Contextualicemos bien la cuestión: por lo pronto no toda humanidad usa y
aprovecha positivamente la red de redes; en estos momentos, alrededor de 60% de
la masa humana planetaria se conecta, y nadie pareciera estar pensando en hacer
la revolución socialista vía internet. En la gran mayoría de los casos, esto es
un vehículo para su propio solaz, no más. Al mismo tiempo, para muchísima
población mundial el hambre, la seguridad diaria, no saber si mañana amanecerá
vivo, eso sigue constituyendo su principal problema. Como la ideología
capitalista, conservadora, pro sistema se impone por todos lados, también el
ciberespacio va en esa sintonía. No olvidar, también, que ese ciberespacio
sirve cada vez más a los grandes poderes constituidos -dado el avance
portentoso de las tecnologías digitales- para control social.

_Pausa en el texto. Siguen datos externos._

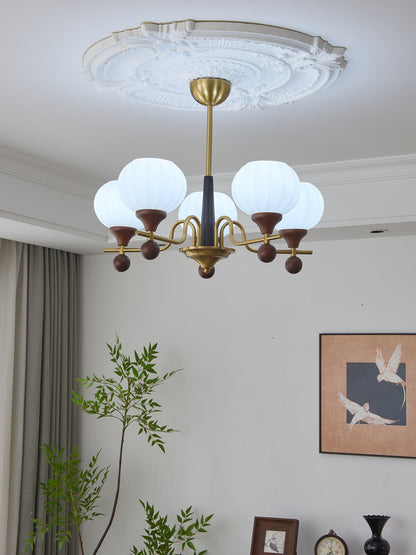 Ceylian Crystal Chandelier - Elegant Lighting with Adjustable Brightne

Quizá los ataques informáticos al corazón del sistema capitalista representen
una afrenta importante, tanto que logren abrir brechas. No lo estamos
afirmando. Es más: no lo sabemos ni hay razonablemente modo de saberlo. ¿Cómo
podría colapsar al sistema global hiper poderoso el hecho que a una de sus
grandes corporaciones multinacionales se le paralicen los sistemas informáticos
por unos días? ¿Sirve realmente como una propuesta de transformación social
que, por ejemplo, se conozcan secretos del Pentágono? En todo caso podemos
decir que algunos hackers, o algunos movimientos de hackers, promueven una
justicia social y un acceso libre al conocimiento universal que, así
considerado, conlleva un enorme potencial transformador. Hoy día el sistema global
se centra cada vez más en las tecnologías digitales, en la inteligencia
artificial. Golpear allí puede llegar a ser de importancia capital.

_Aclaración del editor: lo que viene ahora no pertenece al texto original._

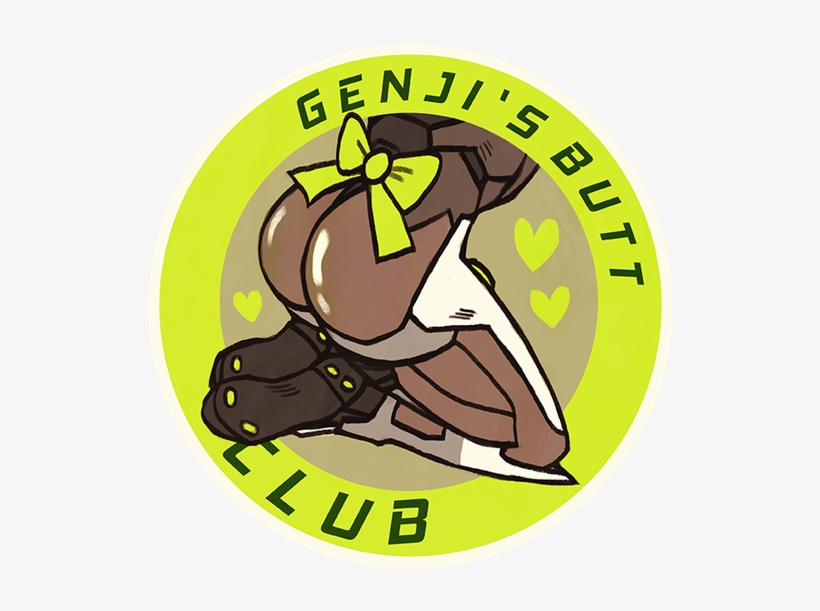 Be Sure To Join The Club - Genji Butt, transparent png #367664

Sin levantar en sentido estricto el movimiento hacker como la nueva
forma de lucha, es necesario saber, al menos, que es “una” forma de lucha más,
junto a otras, que años atrás no existía, pero que por sus características
intrínsecas puede ser más dañina para el sistema que un grupo insurgente que,
armas en mano, se va a la montaña.
En realidad este breve texto no pretende ser una respuesta a la pregunta
básica, la misma que se formulara Lenin hace más de un siglo y que en este
momento se sigue formulando una enorme cantidad de convencidos en un proceso de
cambio real. Es solo un recordatorio, una referencia hacia la necesidad de
seguir repensando críticamente qué hacer desde el campo de la izquierda, desde
el campo popular, desde el campo de los que seguimos creyendo que la vida
humana precisa enormes cambios.
Los hackers, quizá, no son sino una expresión del desconcierto en que
vivimos, de la cerrazón de caminos para plantear transformaciones, de la
angustia de enormes cantidades de jóvenes que no hallan salida ni ven claridad
en su futuro. No lo sabemos. Son, tal vez, un fermento más de cambio. Pero si
así fuera, junto a todos los otros fermentos que pueda haber por allí,
bienvenidos a la lucha por un mundo mejor.